In 2005, the comedian Chris Rock ranked The Resurrection 15th on his list of the Top-25 Hip-Hop Albums ever.

==Track listing==

Note
- Tracks 1, 3, 5, 7, 9, 12 & 14 are omitted on the vinyl LP, cutting the album's track listing in half for that format.

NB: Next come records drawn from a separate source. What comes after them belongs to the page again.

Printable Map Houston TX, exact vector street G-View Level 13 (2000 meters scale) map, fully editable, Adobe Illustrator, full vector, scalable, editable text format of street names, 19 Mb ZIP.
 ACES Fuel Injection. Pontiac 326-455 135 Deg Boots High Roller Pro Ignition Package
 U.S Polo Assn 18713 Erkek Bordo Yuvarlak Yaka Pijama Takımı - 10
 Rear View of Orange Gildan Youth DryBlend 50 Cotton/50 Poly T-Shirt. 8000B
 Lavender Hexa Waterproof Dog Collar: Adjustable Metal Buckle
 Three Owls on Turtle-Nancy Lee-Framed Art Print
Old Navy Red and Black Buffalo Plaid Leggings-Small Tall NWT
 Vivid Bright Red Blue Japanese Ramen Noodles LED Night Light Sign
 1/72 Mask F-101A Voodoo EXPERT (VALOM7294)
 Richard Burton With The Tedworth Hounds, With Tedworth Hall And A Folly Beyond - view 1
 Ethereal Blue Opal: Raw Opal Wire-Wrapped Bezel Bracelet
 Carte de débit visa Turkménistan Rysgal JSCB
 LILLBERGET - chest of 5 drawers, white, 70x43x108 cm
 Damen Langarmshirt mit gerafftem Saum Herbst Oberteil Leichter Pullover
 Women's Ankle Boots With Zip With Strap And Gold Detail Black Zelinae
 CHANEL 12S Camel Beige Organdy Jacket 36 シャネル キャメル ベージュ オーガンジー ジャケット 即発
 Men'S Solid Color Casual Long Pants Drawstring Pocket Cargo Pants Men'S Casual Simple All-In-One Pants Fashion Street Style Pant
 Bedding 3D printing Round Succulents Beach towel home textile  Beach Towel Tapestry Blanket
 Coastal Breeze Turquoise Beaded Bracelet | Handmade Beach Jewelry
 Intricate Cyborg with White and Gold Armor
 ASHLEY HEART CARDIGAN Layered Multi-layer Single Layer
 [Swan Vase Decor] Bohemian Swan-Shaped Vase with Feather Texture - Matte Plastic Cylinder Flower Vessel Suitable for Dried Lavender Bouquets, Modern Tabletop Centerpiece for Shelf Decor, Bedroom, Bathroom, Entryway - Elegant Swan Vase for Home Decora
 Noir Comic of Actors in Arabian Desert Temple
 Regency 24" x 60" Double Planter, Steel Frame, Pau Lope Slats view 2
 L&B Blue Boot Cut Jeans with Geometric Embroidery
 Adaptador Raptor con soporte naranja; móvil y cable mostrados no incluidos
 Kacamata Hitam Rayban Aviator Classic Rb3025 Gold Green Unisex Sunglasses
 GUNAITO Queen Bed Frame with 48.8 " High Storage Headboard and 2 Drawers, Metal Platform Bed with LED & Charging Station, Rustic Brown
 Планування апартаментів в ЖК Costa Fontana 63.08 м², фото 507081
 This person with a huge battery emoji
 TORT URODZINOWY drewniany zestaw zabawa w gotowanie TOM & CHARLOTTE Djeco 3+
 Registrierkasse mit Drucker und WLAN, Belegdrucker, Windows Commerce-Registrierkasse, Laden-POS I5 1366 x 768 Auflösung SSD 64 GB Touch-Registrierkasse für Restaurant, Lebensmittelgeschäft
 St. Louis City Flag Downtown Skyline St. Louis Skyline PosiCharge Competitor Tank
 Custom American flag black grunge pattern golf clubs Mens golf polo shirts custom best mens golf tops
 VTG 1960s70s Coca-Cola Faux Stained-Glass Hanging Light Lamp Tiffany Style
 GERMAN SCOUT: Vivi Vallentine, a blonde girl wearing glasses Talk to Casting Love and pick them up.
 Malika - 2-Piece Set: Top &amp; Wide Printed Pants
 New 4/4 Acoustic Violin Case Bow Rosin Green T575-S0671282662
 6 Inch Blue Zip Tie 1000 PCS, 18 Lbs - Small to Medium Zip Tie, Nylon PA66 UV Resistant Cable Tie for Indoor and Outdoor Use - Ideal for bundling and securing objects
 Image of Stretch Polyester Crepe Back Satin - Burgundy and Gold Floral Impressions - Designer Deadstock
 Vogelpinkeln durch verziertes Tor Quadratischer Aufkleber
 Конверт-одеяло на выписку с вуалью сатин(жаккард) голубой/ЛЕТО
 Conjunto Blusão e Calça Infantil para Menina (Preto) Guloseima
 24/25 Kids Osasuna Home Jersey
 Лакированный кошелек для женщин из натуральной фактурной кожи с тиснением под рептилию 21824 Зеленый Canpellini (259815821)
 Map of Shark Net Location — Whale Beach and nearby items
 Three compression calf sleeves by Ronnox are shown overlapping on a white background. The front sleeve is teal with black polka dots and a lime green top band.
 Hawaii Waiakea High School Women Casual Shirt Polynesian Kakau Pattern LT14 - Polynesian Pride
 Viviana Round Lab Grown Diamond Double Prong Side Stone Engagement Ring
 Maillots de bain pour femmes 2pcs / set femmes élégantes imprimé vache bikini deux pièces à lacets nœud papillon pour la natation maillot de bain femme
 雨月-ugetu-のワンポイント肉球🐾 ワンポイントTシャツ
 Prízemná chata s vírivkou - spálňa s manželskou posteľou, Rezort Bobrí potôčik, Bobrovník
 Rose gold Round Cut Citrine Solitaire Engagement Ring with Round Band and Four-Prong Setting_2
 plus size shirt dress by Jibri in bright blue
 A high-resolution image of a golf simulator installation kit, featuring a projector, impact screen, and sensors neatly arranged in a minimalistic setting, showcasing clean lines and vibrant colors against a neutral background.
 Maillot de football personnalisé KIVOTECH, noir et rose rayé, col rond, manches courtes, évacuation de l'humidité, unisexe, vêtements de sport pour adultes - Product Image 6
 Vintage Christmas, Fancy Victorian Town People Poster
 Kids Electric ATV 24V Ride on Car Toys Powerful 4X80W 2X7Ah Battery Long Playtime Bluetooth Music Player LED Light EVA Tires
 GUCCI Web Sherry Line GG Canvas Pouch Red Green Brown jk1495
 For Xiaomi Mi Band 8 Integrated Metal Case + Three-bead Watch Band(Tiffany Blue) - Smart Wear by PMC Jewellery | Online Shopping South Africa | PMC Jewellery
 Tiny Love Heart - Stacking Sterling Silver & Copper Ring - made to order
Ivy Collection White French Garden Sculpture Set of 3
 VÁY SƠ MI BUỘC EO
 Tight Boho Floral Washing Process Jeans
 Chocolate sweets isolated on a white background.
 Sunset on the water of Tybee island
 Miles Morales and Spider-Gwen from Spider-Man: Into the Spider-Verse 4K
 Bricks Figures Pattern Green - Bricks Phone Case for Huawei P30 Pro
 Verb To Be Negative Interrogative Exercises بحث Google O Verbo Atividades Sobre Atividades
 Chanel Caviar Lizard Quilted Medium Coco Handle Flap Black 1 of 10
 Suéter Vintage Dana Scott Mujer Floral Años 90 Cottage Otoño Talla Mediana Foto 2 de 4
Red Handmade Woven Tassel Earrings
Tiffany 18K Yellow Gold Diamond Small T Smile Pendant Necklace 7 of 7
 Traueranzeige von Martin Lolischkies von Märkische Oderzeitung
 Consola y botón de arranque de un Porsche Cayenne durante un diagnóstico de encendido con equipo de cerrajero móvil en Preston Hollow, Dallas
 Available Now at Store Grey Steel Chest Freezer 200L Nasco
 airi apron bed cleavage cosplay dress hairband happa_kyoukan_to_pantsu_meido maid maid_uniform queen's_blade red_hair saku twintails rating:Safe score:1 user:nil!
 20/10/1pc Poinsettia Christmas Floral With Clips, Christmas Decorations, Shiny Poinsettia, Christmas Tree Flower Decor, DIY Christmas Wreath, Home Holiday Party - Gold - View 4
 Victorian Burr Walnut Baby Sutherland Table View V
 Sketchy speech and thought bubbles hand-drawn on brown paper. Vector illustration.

| No. | Title | Writer(s) | Producer(s) | Length |
|---|---|---|---|---|
| 1. | "Ghetto Prisoner" |  |  | 1:25 |
| 2. | "Still" | Brad Jordan; Willie Dennis; Joseph Johnson; | N.O. Joe | 4:00 |
| 3. | "The World Is a Ghetto" (featuring Flaj) | Thomas Allen; Harold Ray Brown; B.B. Dickerson; Lonnie Jordan; Howard E. Scott; Charles Miller; Lee Oskar; | Mike Dean; N.O. Joe; | 4:25 |
| 4. | "Open Minded" (featuring DMG) | B. Jordan; Dennis; D. Jones; Michael Dean; Johnson; | Mike Dean; N.O. Joe; | 4:10 |
| 5. | "Killer 4 Scratch" |  |  | 0:36 |
| 6. | "Hold It Down" (featuring Facemob) | B. Jordan; Loretta Dorsey; Jones; Roderick Smith; Dean; | Scarface; Mike Dean; | 5:27 |
| 7. | "Blind Leading the Blind" (featuring Menace Clan) | B. Jordan; Dennis; Walter Adams; Dante Miller; Dean; | Mike Dean; Scarface; | 5:04 |
| 8. | "First Light of the Day" | B. Jordan; Dennis; Dean; Eddie Wilson; | Mike Dean; Uncle Eddie; Scarface; | 5:07 |
| 9. | "Time Taker" | B. Jordan; Dennis; Dean; | Mike Dean | 5:12 |
| 10. | "Geto Boys and Girls" | B. Jordan; Dennis; Dean; | Mike Dean; Scarface; | 5:59 |
| 11. | "Geto Fantasy" | B. Jordan; Dennis; Dean; Johnson; D. Miller; Miles Gregory; | Mike Dean; N.O. Joe; | 4:30 |
| 12. | "I Just Wanna Die" | B. Jordan; Dean; Johnson; | Mike Dean; N.O. Joe; | 4:00 |
| 13. | "Niggas and Flies" | Dennis; Derick Edwards; | Derick Edwards | 3:09 |
| 14. | "A Visit with Larry Hoover" |  |  | 1:25 |
| 15. | "Point of No Return" | B. Jordan; Dennis; Dean; | Scarface; Mike Dean; | 3:06 |
| Total length: |  |  |  | 57:27 |

==Charts==
===Weekly charts===

| Chart (1996) | Peak position |
|---|---|
| Canada Top Albums/CDs (RPM) | 29 |
| US Billboard 200 | 6 |
| US Top R&B/Hip-Hop Albums (Billboard) | 1 |

===Year-end charts===

| Chart (1996) | Position |
|---|---|
| US Billboard 200 | 120 |
| US Top R&B/Hip-Hop Albums (Billboard) | 15 |

==Certifications==

| Region | Certification | Certified units/sales |
| United States (RIAA) | Gold | 500,000^{^} |
^{^} Shipments figures based on certification alone.